I.- UN BUDGET POUR 2002 SATISFAISANT QUI ACCOMPAGNE LA MODERNISATION DES INSTRUMENTS DE LA DIPLOMATIE FRANÇAISE

Le budget pour 2002, qui apparaît comme un budget de continuité, devrait permettre la poursuite des grandes actions menées par le ministère dans quatre domaines : la diffusion de la culture et de l'enseignement de la langue française à l'étranger, la continuation des actions en matière d'aide au développement et de solidarité internationale, l'amélioration du traitement des demandes d'asile, l'accentuation des efforts en direction des Français de l'étranger.

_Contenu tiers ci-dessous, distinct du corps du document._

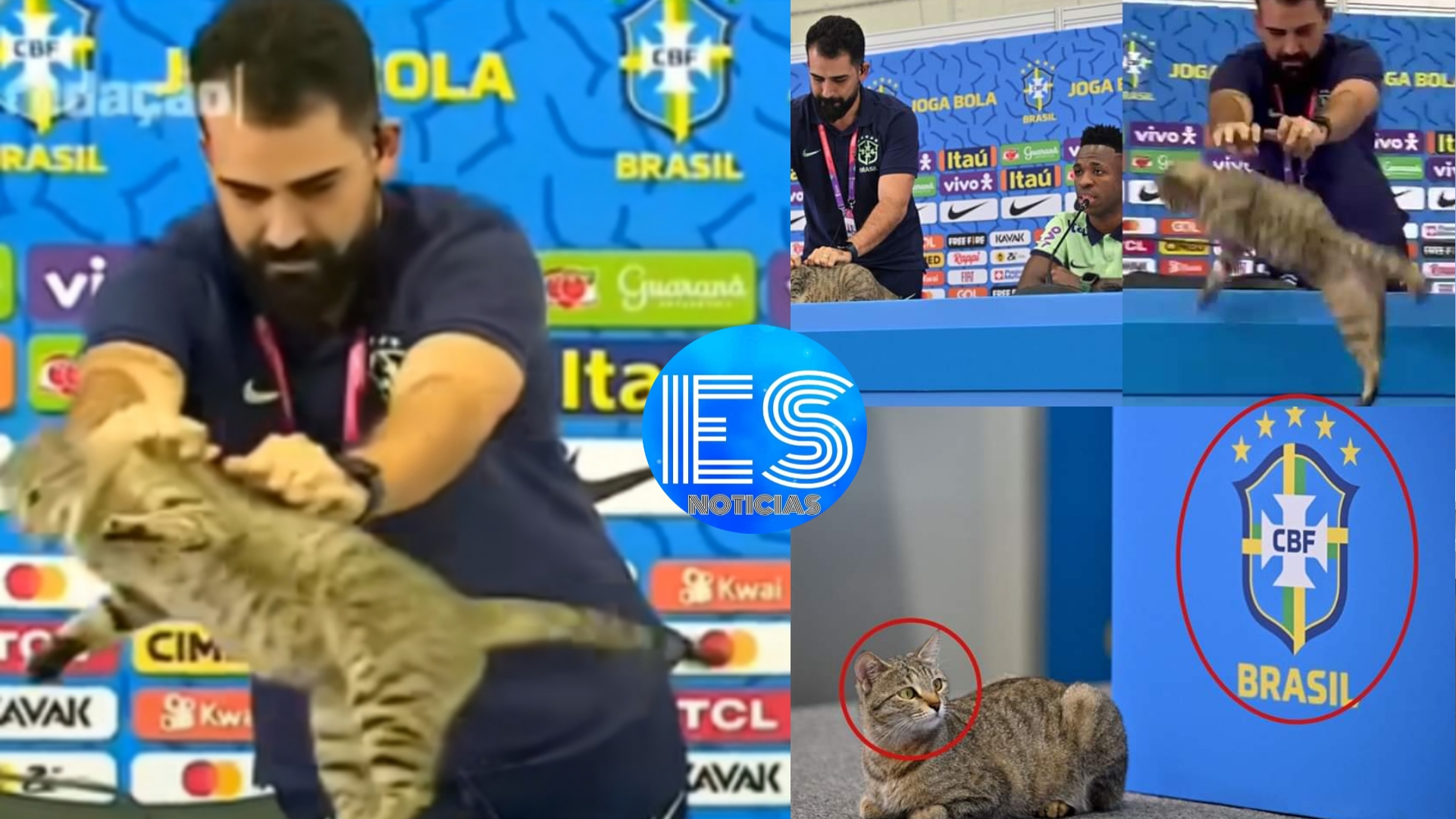 La selección brasileña y la mala suerte de tirar a un gato en el mundial de Rusia.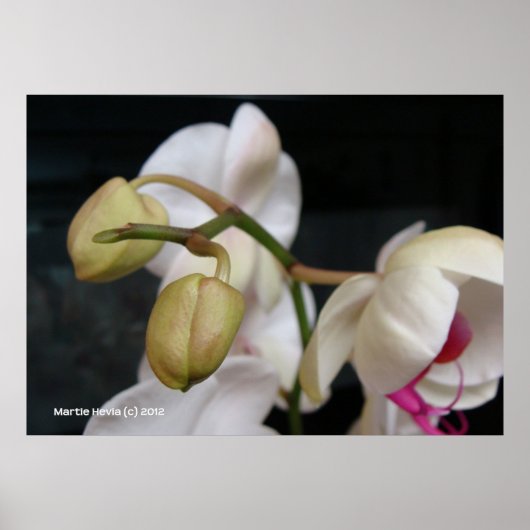 Witte orchideeënknoppen poster (Voorkant)
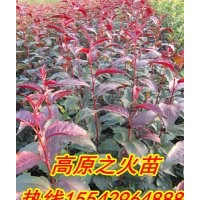 光輝海棠苗，北美海棠苗，紅肉海棠苗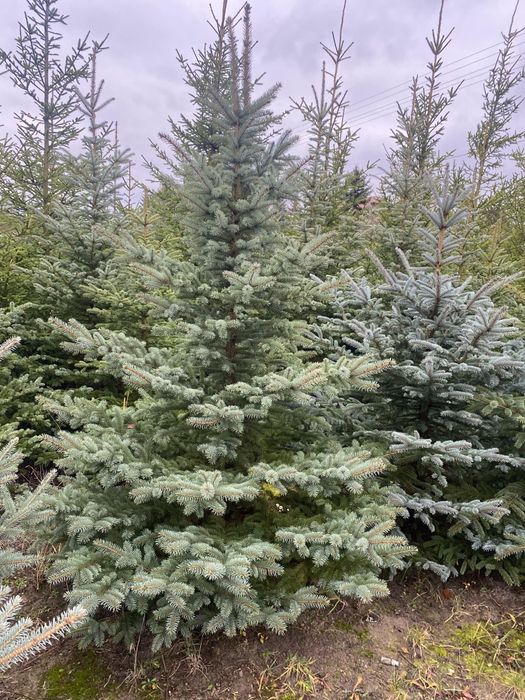 Świerk zielony, srebrny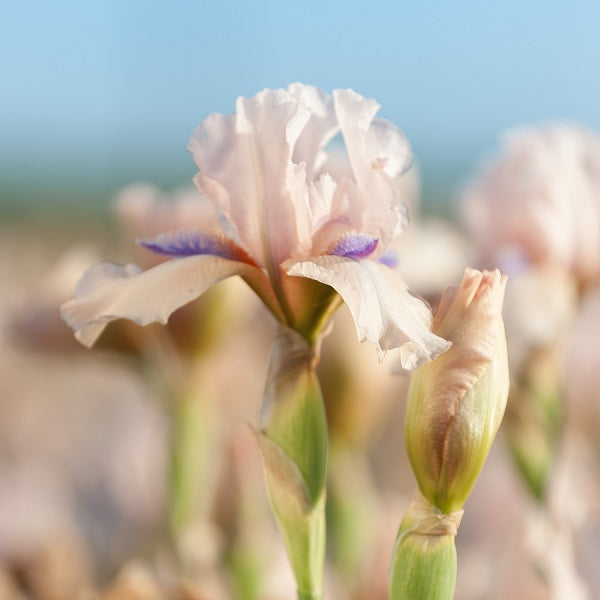 Concertina Iris - representative mature plant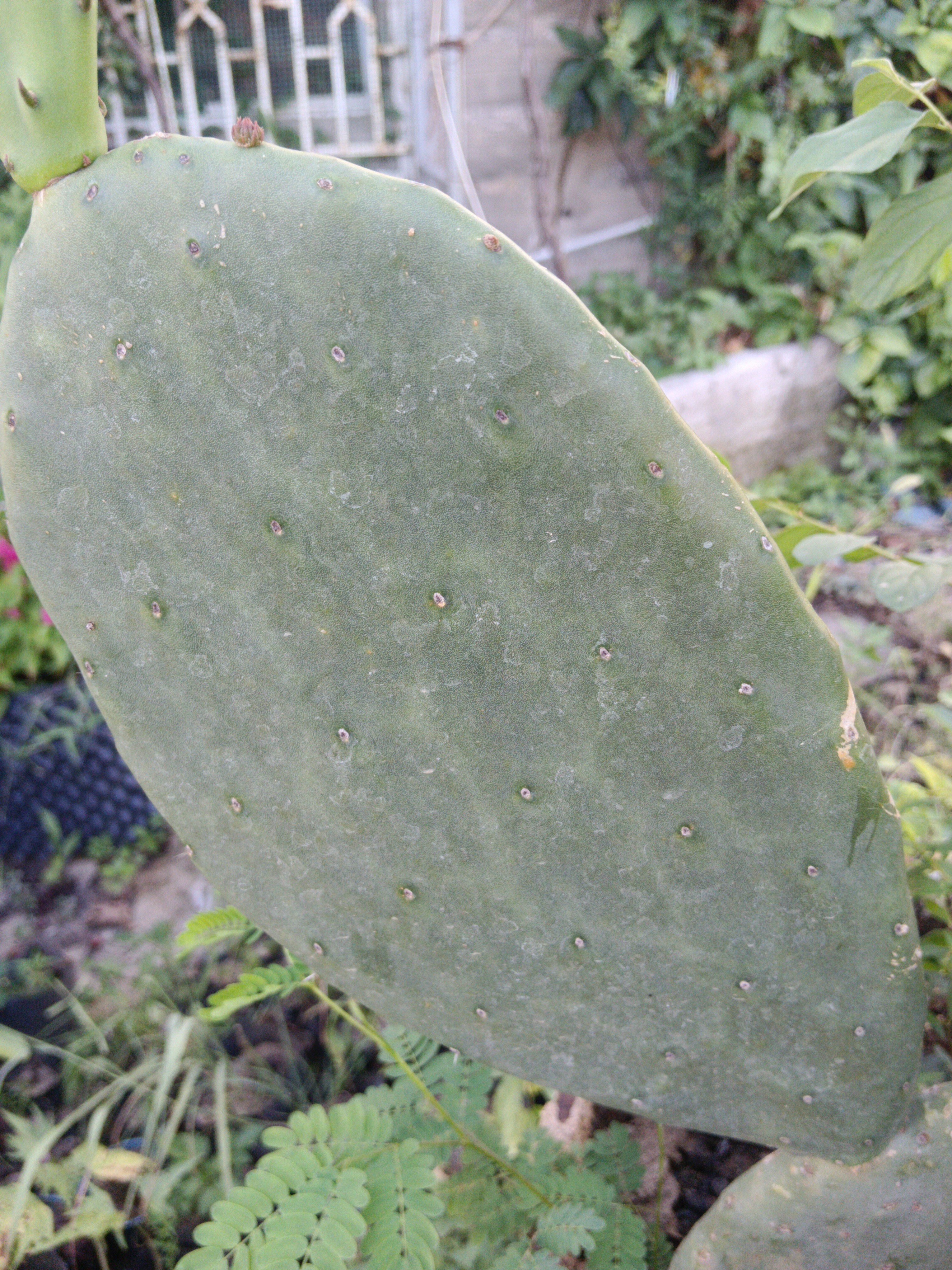 米邦塔仙人掌叶片，可栽种，一片一斤重以上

Le budget pour 2002, en progression par rapport à la loi de finances pour 2001, est dans la lignée du dernier exercice, même si de nombreuses mesures nouvelles témoignent d'une accentuation des efforts en faveur notamment de la coopération culturelle et technique et de l'aide au développement.

Le projet de budget du ministère des affaires étrangères pour 2002 s'établit à 3,4113 milliards d'euros (soit 22,4 milliards de francs), ce qui représente, pour la troisième année consécutive, une évolution positive, avec une augmentation de 1,3 % par rapport à la loi de finances pour 2001. Si l'on y ajoute la contribution française au fonds européen de développement (FED), transférée du budget des charges communes, le budget atteint alors 3,63 milliards d'euros (soit 23,8 milliards de francs).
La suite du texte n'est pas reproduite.